The elaborate swindle takes place at the Met Gala, the annual fancy-dress party that takes place each May. It’s a brilliant setting — visually dazzling, bathed in mystique, full of characters from snooty European aristos to Katie Holmes — and the impossibly complicated theft is smartly imagined, if hard to believe. (Wouldn’t priceless jewelry have a tracking device built in? I mean, my iPhone has one.) Career grifter Debbie Ocean (Sandra Bullock) perfected every detail of the robbery during a five-year prison term during which, alas, her brother Danny died. (I’ll believe it when I see the body; I was expecting a post-credits sequence, but there isn’t one.)
Debbie’s old partner in small-time scams, a biker chick named Lou (Cate Blanchett), would prefer to stay clear of trouble, but then she hears about the prize: a $150 million Cartier diamond necklace that will be worn to the gala by the arrogant but self-doubting movie star Daphne (Anne Hathaway). A wacky Irish fashion designer (Helena Bonham Carter), a Caribbean hacker (Rihanna), a professional diamond appraiser (Mindy Kaling), a fence (Sarah Paulson), and a street-scam artist (Awkwafina) are easily persuaded to join the squad.
Hathaway is surprisingly funny, recreating the mood rollercoaster of a pampered celebrity. Bullock is reliably likeable as always, Rihanna is cool, and Bonham Carter’s wide-eyed nervousness is amusing. The ever-brittle Blanchett, who in her lengthy career has never once, even for a single scene, let anyone forget that she’s acting, dammit, is only mildly irritating in this movie, not spectacularly so. As is often the case, she makes a meal of her accent, which this time seems to be cribbed from a movie about a 1970s cab driver. I have no idea why she made that choice, unless it’s supposed to remind us that she’s acting, dammit.

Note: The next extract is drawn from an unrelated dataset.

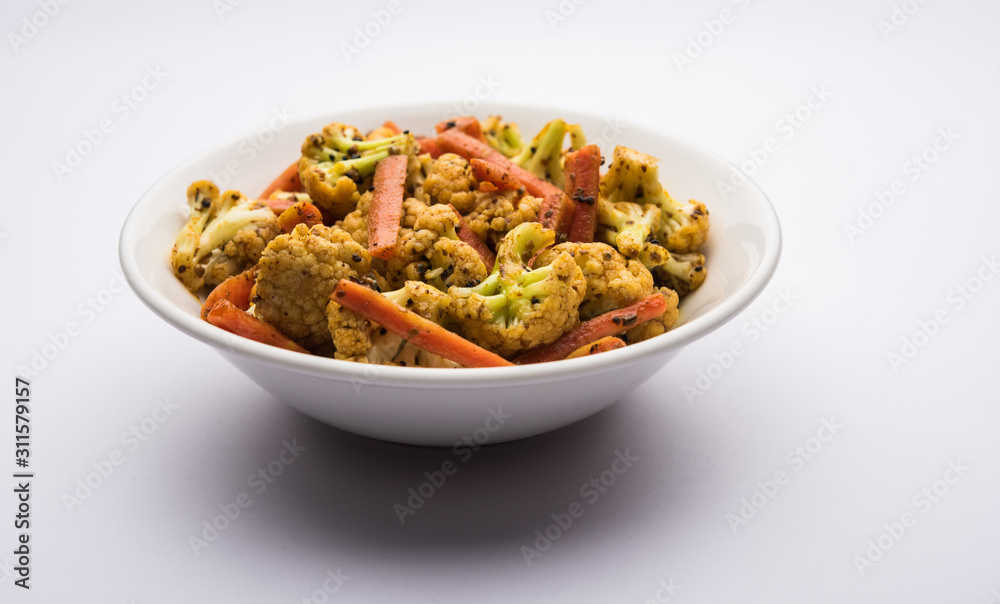 Carrots, cauliflowers achar made using PhoolGobi and Gajar. It's a sweet and sore seasonal pickle from India Carrots, cauliflowers achar made using PhoolGobi and Gajar. It's a sweet and sore seasonal pickle from India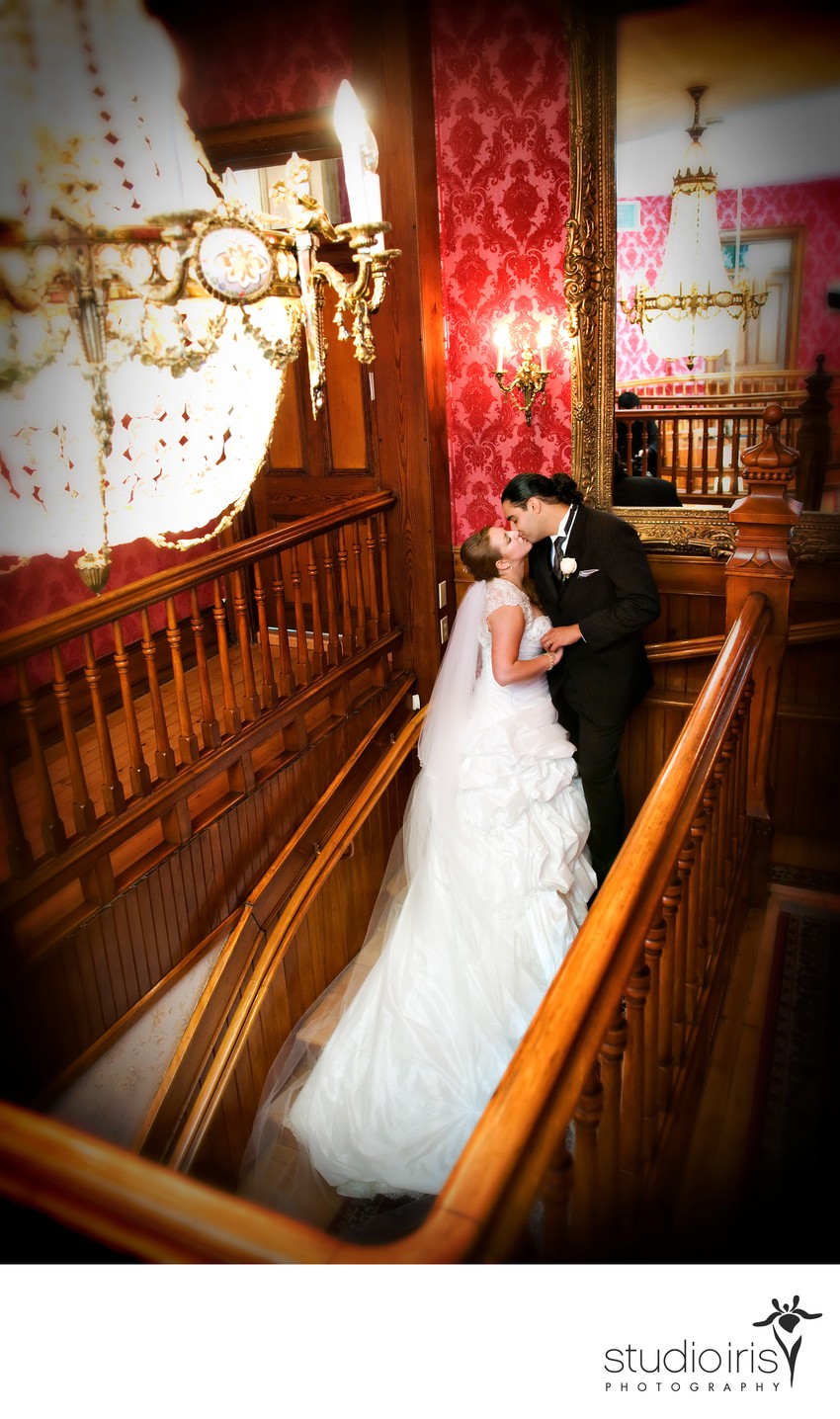 newlyweds kissing in the stairwell after their wedding at Chateau Saint Antoine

Ocean’s Eight turns out to be breezy summer fun, a larkish and adroit heist movie with some well-executed tweaks to a formula that had gone a bit stale in Ocean’s Thirteen.
Blanchett’s Lou flirts (a bit painfully) with Debbie, but Debbie dates men, such as the pretentious artist (Richard Armitage) who flipped on her when they were both arrested five years ago and whom, consequently, Debbie is scheming to send to prison in revenge. This is a job within a job that complicates matters considerably, and is very much a sign of unforgivable indiscipline on Debbie’s part, but then again history rewards the bold. At least the history of heist movies does. “What did you think we were, a bunch of pu****s?” Lou asks. As when women accuse men of being “douchebags,” or Samantha Bee calls Ivanka Trump a “c**t,” I find this all a bit confusing. Female empowerment somehow increases by using words associated with being female in a derogatory way?
No need to worry that Ocean’s Eight might be as hectoring, strident, overbearing, and progressive as Bee, though. There’s exactly one line in the script that sounds like it came from Bee, or an enduringly petulant Jezebel contributor, and it’s also the clunkiest one. “A him gets noticed,” Debbie Ocean declares. “A her gets ignored. For once, we want to be ignored.” Women get ignored? At the Met Gala? Where any men who bother to show up look sheepish and interchangeable in their nearly identical clothing? Women may be ignored in some settings, but red carpets are not one of them. Moreover, the line is completely out of character for Debbie, who in every other scene is totally in command, without a whiny or self-pitying bone in her body. You can feel the director, Gary Ross, straining to ingratiate himself with feminist critics who crave empowerment themes but at the same time are unsatisfied unless reminded that women are perpetual victims. This is Ross saying, “I’m with you, my sisters! Now back to the movie.”
Women (much like men) go to this kind of film for escape, not vapid sloganeering. If that line illustrates exactly how not to write for a blockbuster, though, a later scene undermines it beautifully. “Somewhere out there is an eight-year-old girl lying in bed, dreaming of being a criminal. Let’s do it for her,” Debbie tells her team. Samantha Bee should take note: If you want to make a point, try being funny instead of huffy.